**Exercise prompt**
The result should be an exact copy of only the lines from the one with "Adeziv pentru polistiren" through the last line of the data below, with pictures omitted.

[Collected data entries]
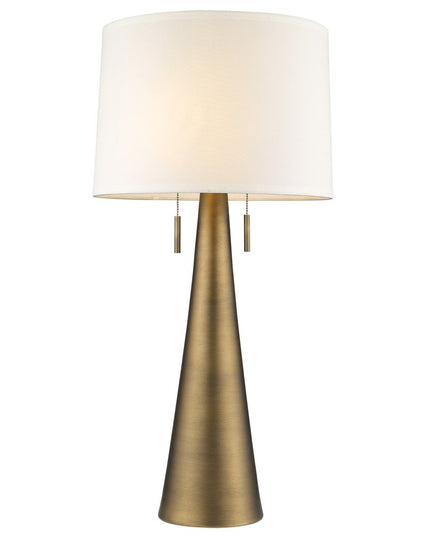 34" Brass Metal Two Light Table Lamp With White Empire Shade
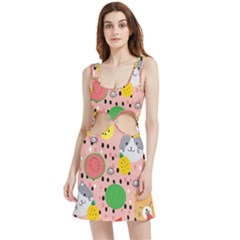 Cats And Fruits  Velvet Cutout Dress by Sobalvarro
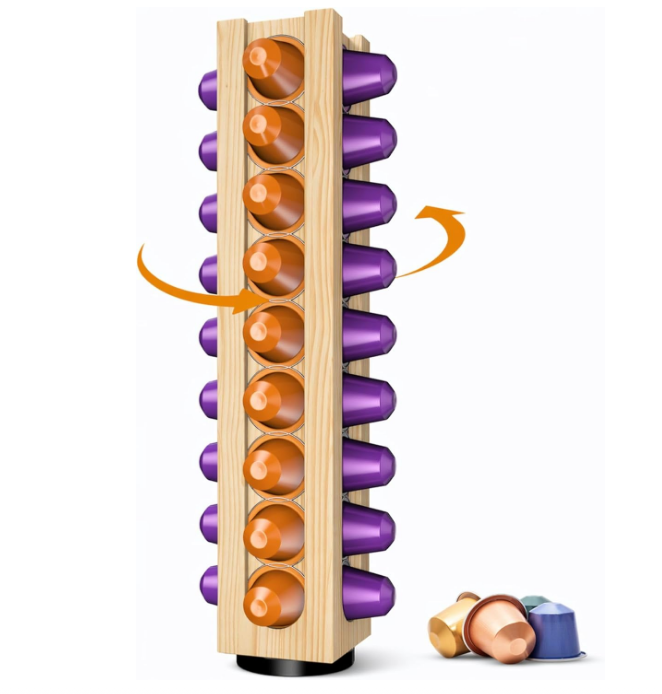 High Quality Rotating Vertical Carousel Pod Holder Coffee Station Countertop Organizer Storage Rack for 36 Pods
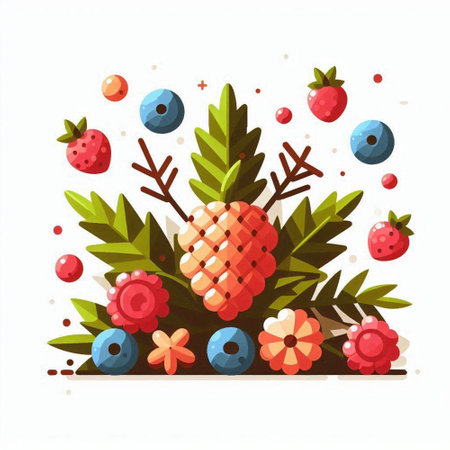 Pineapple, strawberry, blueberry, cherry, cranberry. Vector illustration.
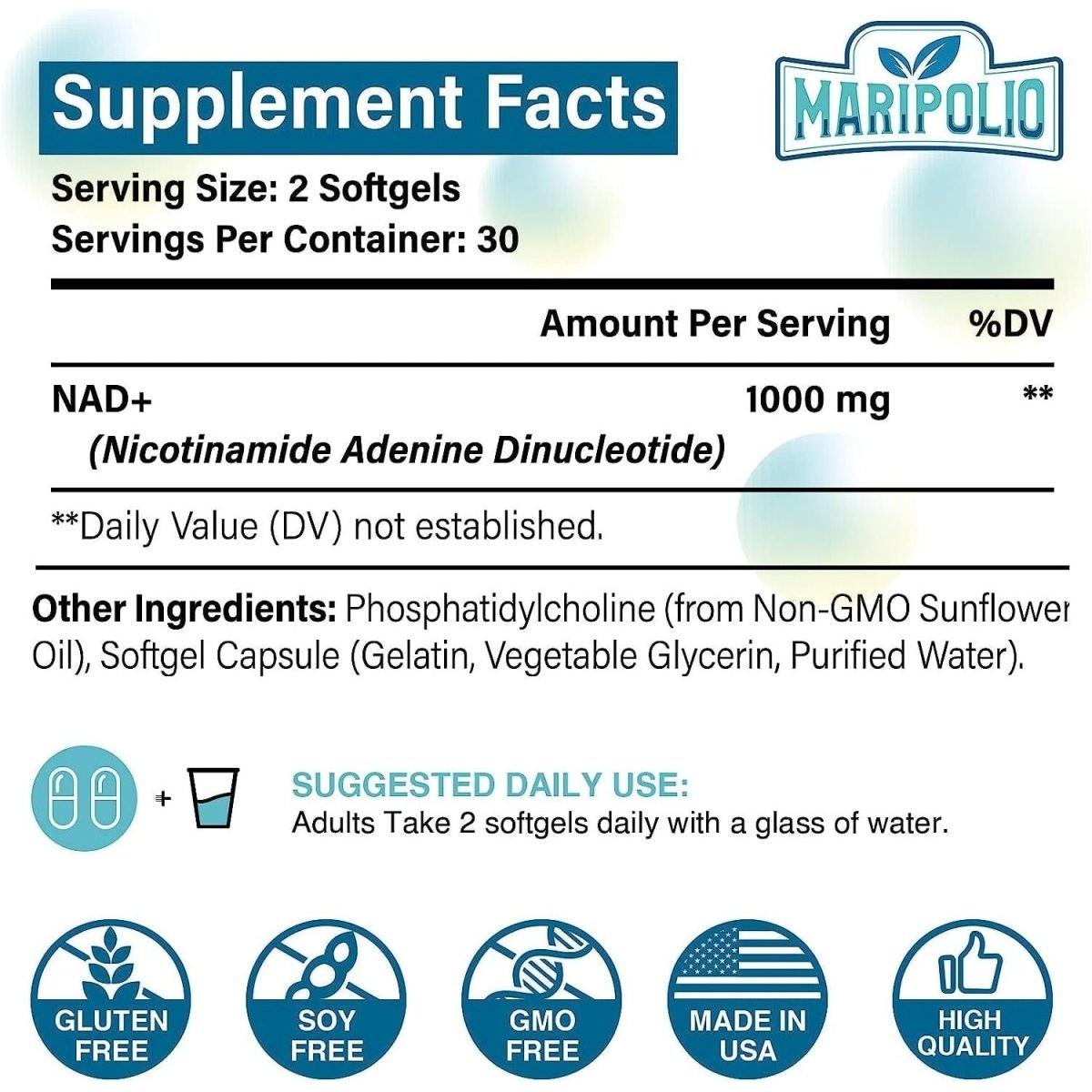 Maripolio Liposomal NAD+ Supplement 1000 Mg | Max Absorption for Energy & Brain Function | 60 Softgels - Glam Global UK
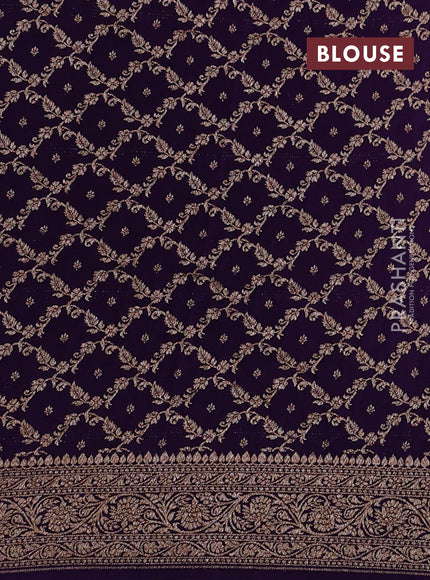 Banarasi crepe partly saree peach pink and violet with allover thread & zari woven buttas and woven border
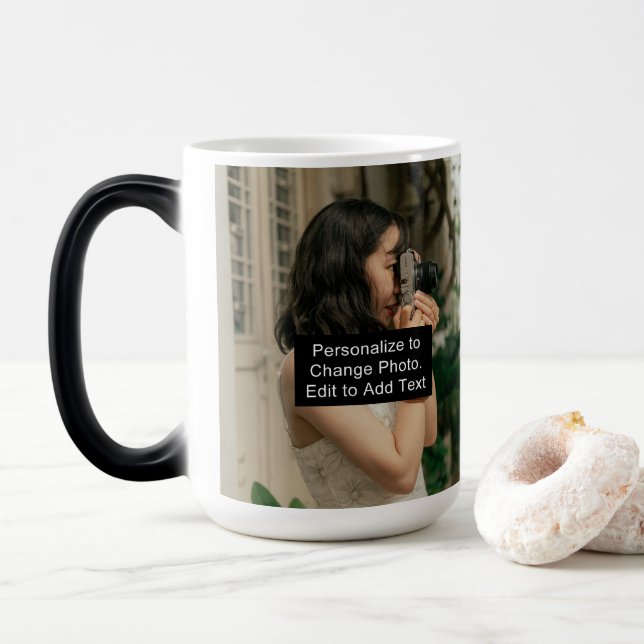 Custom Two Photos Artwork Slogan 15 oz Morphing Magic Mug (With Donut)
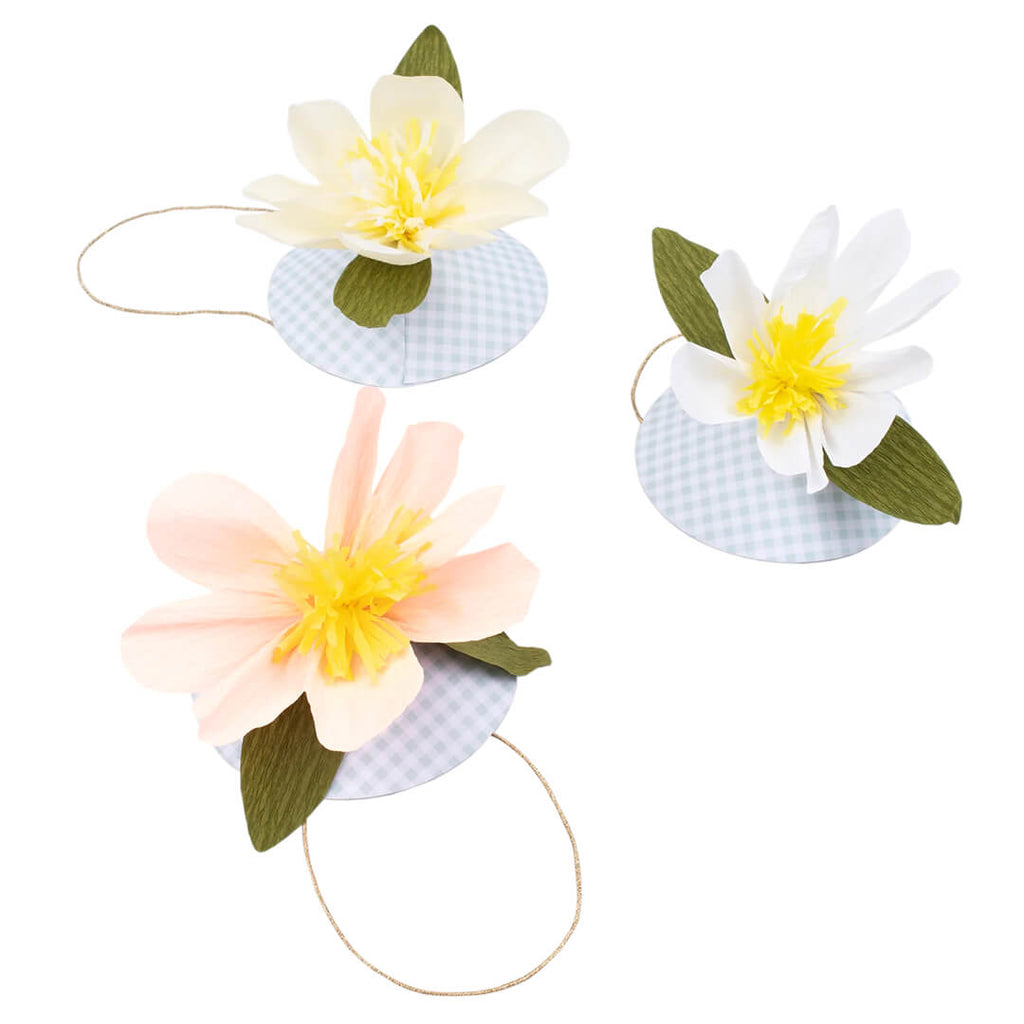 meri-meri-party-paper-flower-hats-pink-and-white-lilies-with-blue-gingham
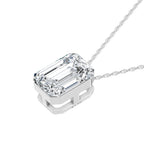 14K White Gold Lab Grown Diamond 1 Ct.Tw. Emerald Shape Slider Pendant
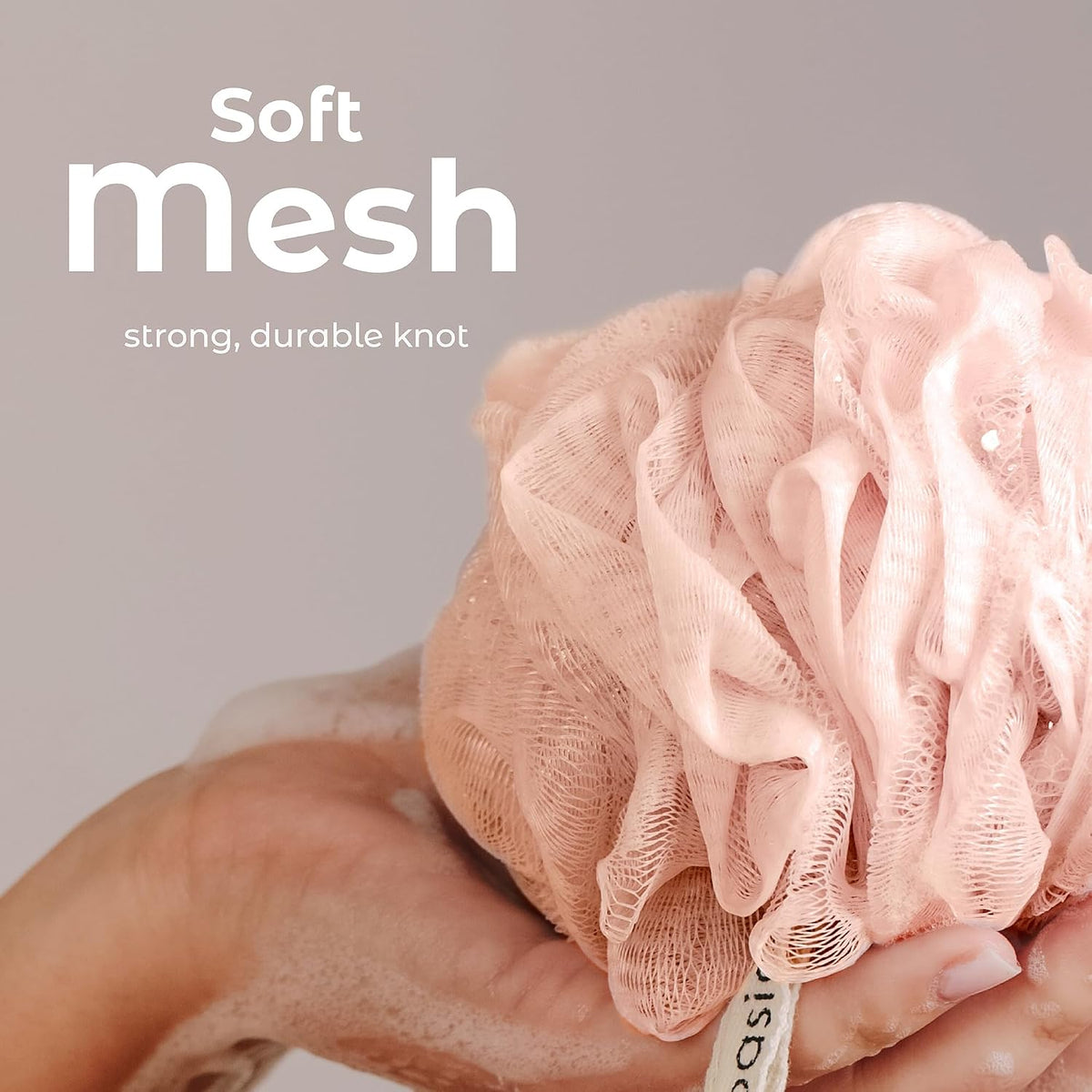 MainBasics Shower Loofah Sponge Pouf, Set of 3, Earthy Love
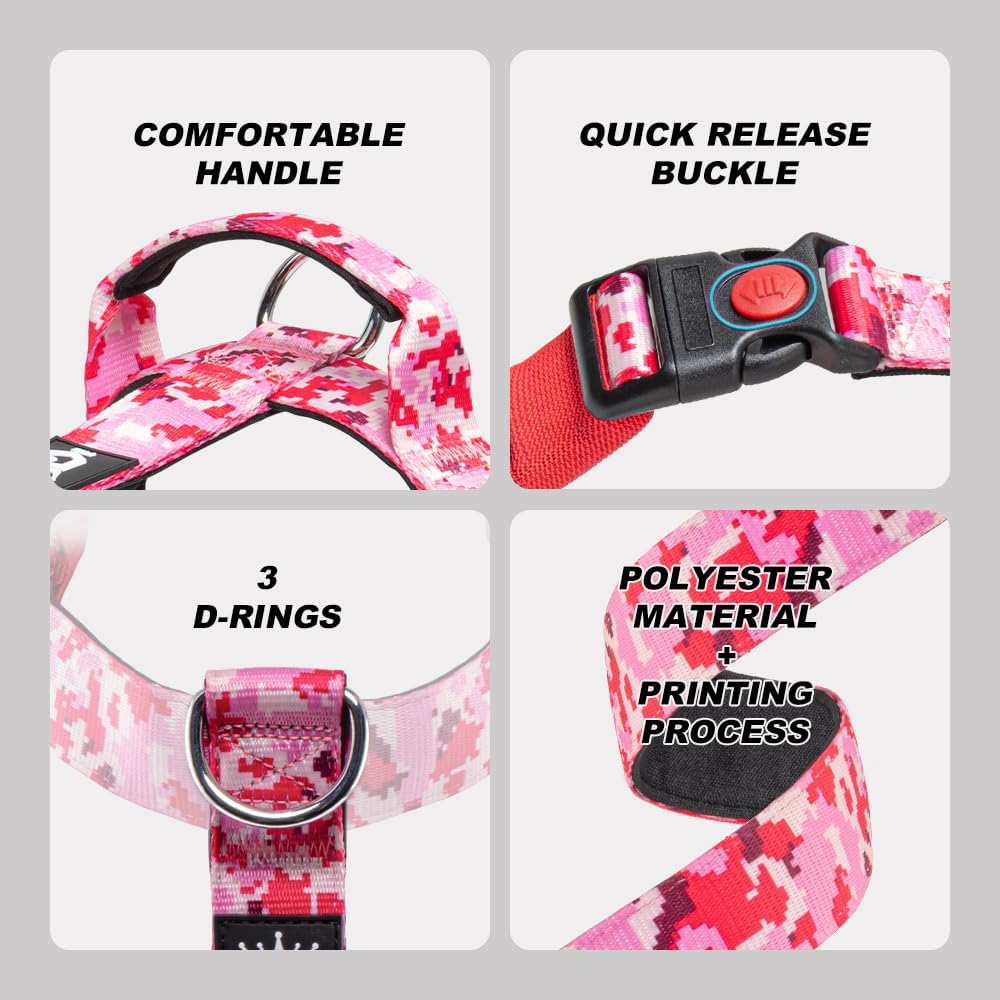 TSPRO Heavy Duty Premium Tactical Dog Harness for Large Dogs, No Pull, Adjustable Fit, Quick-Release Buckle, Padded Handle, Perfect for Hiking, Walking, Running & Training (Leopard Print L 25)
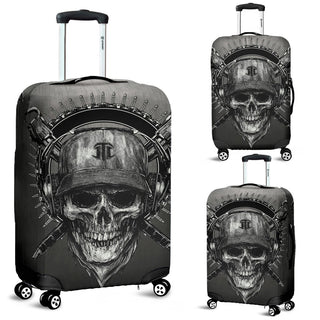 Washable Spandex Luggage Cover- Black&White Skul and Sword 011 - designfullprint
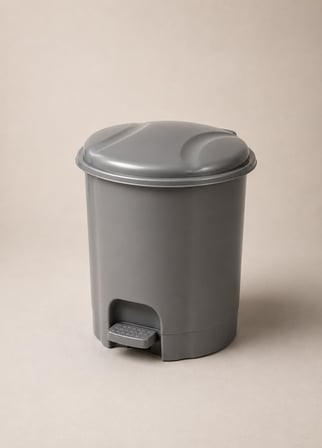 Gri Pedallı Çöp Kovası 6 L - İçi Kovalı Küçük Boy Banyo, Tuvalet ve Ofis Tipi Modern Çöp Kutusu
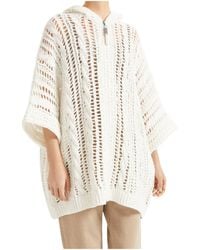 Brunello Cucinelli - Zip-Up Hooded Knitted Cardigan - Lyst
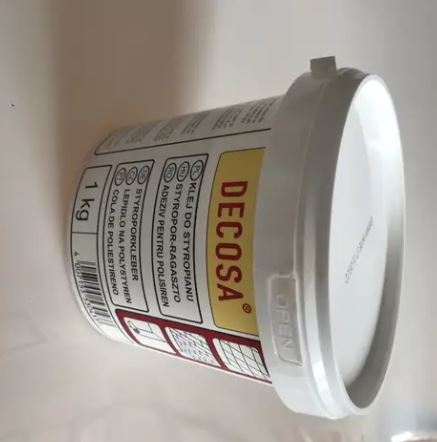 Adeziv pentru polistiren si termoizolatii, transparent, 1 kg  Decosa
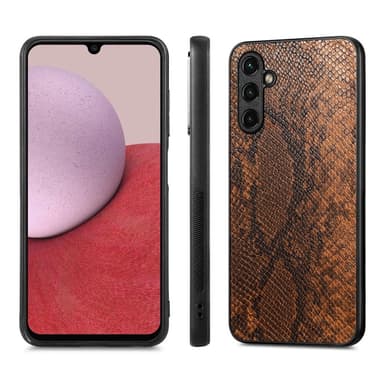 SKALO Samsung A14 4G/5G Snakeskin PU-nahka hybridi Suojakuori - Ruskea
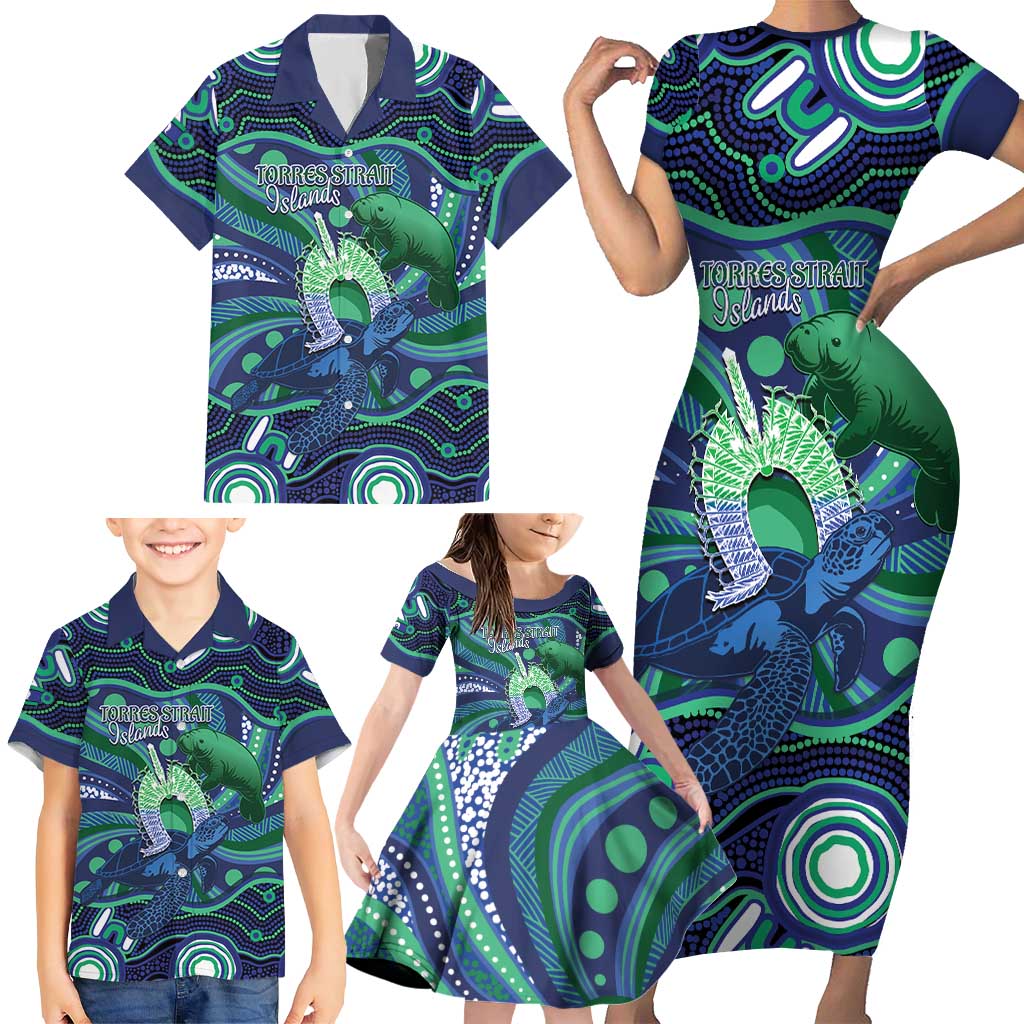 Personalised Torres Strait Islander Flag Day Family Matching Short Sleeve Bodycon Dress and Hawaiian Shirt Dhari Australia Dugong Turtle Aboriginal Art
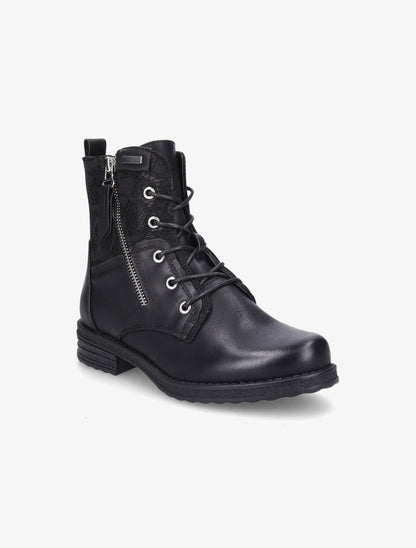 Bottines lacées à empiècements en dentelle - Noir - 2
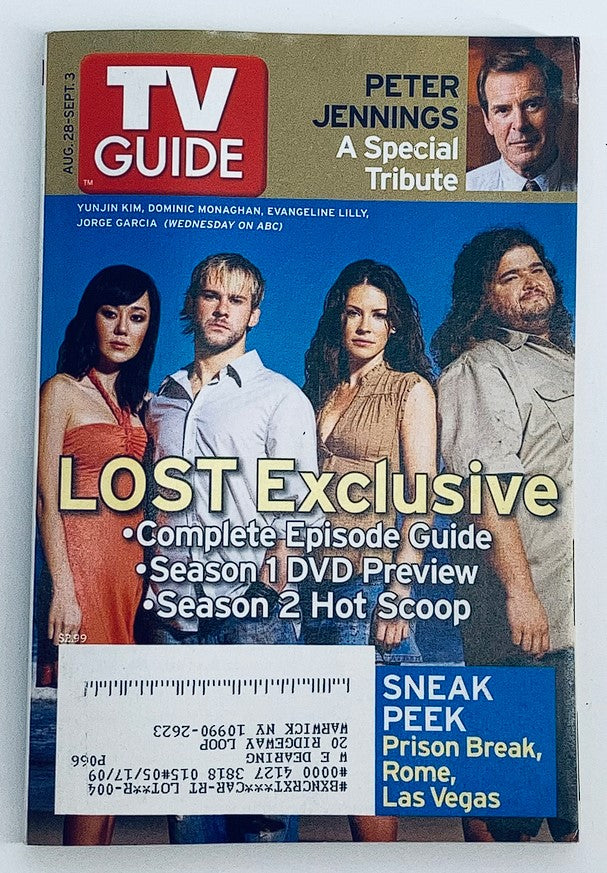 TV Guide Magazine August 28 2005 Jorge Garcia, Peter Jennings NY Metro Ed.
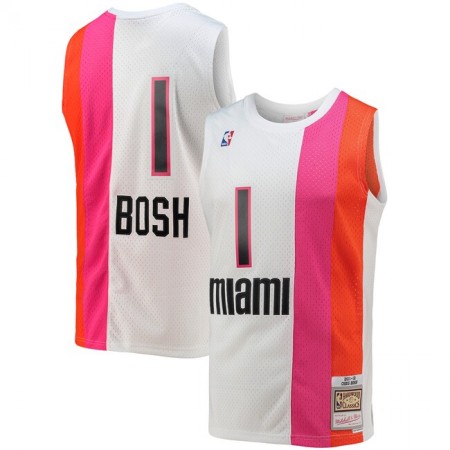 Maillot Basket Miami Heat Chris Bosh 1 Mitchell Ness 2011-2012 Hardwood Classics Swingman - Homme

**Solution for this exercise**
 Adeziv pentru polistiren si termoizolatii, transparent, 1 kg  Decosa
 SKALO Samsung A14 4G/5G Snakeskin PU-nahka hybridi Suojakuori - Ruskea
 Personalised Torres Strait Islander Flag Day Family Matching Short Sleeve Bodycon Dress and Hawaiian Shirt Dhari Australia Dugong Turtle Aboriginal Art
 Bottines lacées à empiècements en dentelle - Noir - 2
 TV Guide Magazine August 28 2005 Jorge Garcia, Peter Jennings NY Metro Ed.
 Maillot Basket Miami Heat Chris Bosh 1 Mitchell Ness 2011-2012 Hardwood Classics Swingman - Homme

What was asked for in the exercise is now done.